Assuming one dies at 90 (5 years payment). That would be the equivalent of investing the 10K for next 45 years with an average annual ROI of 3.5%. or 0.5% more than inflation!

I think you are mixing real and nominal amounts in this case. The $8k/yr future payment is in real terms. $8k over 5 years is $40k in real dollars. To get from $10k to $40k in ~45 years is equal to a ~3.2% ROI in real terms.
 
Here's a hint.....

If it is offerred by an insurance company, it is not a good investment.
 
Here's a hint.....

If it is offerred by an insurance company, it is not a good investment.

Great point! And the annuity is not an investment. If you look at it that way, you will come to the wrong conclusion. The question is what problem do you need to solve! In this case it is intended to be a vehicle to avoid longevity risk.
 
If anyone read the Ibbotson/Milevsky paper posted here, there's a good section on "mortality credits" (page 68, table 6.2 for those who didn't read ;) ).

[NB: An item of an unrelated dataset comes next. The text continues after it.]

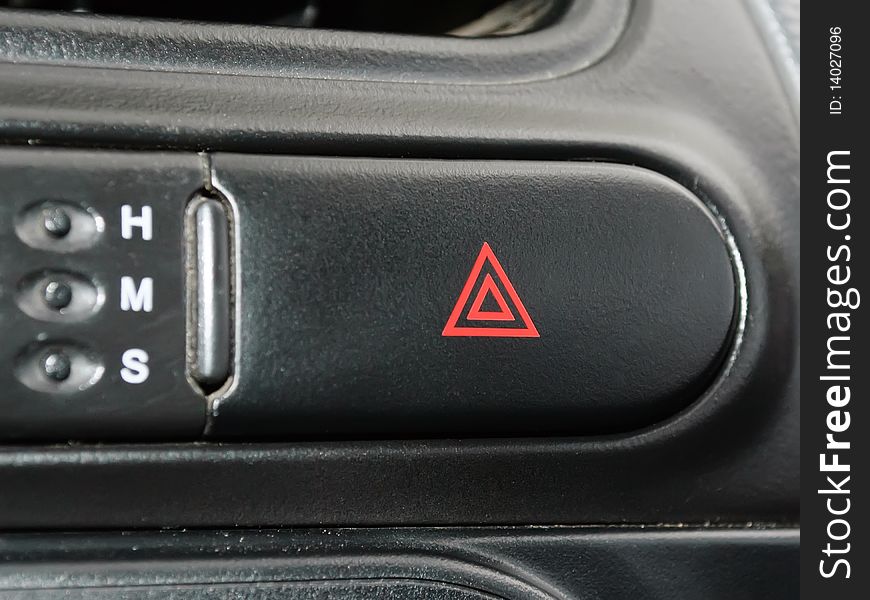 Black rounded emergency button with red triangles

Basically, the underlying benefit of an annuity arises when other folks in the annuity pool die and you don't. You (in theory) are collecting more money because the dead people are giving you what they would have gotten. Table 6.2 shows the increase above regular interest rates you should expect at a given age for starting an immediate annuity. For example, at age 65, you get an 83 basis point boost to your interest rate (presumably the risk free rate of return). If you wait to annuitize till age 85, you get a 725 bp boost to returns. When you consider expenses on most annuities might run 100-300 bp's (just a wild guess), it probably doesn't make sense to annuitize at 65 for a meager 83 bp boost in returns (which will more than get eaten by expenses) but it probably does make sense to annuitize if you get 725 bp boost to returns (which might still net you 400-600 bp after expenses).

Ibbotson, et al state in their paper that annuitizing at age 60 is too early, and age 90 is too late. They recommend dollar cost averaging into annuities starting around 65-70 and continuing until 80-85.

I think the often heard complaint against annuities comes from the folks on here who define retirement as around age 50 or so (typical early retirement). Ibbotson, et al would say don't get an annuity at that age or any where close to that age. Instead they recommend waiting 15-20 years.

In their paper, they also explain that if you have even a modest "bequest motive" (desire to leave assets to others or to charity - ie - not die broke), and a modest to aggressive risk tolerance, your optimum allocation to annuity products would be 14-24%. And that is for a 60 y.o. male. My guess is that an even smaller allocation to annuities would be expected at younger ages, which many folks here are able to retire at.

The notion of longevity insurance is an interesting notion. At this point it is hard to get excited about the potential for a 3-3.5% real return for a locked in 45 year investment with no liquidity and company specific risk of the insurer (not to mention the fact that there's a ~50% chance we won't make it to age 85!!!). It still seems like it would be cheaper to "roll your own" and/or annuitize at age 85 if you really wanted longevity insurance.
 
The random variable in longevity

is that you can die sooner. I think there is little that can extend it. My mother's family all died within 3 years age of one another. Only her mother died earlier in a fire. Risky behaviors and failure to take care of yourself can certainly take their toll. It could be difficult to have enough information at 40 though without enough relatives.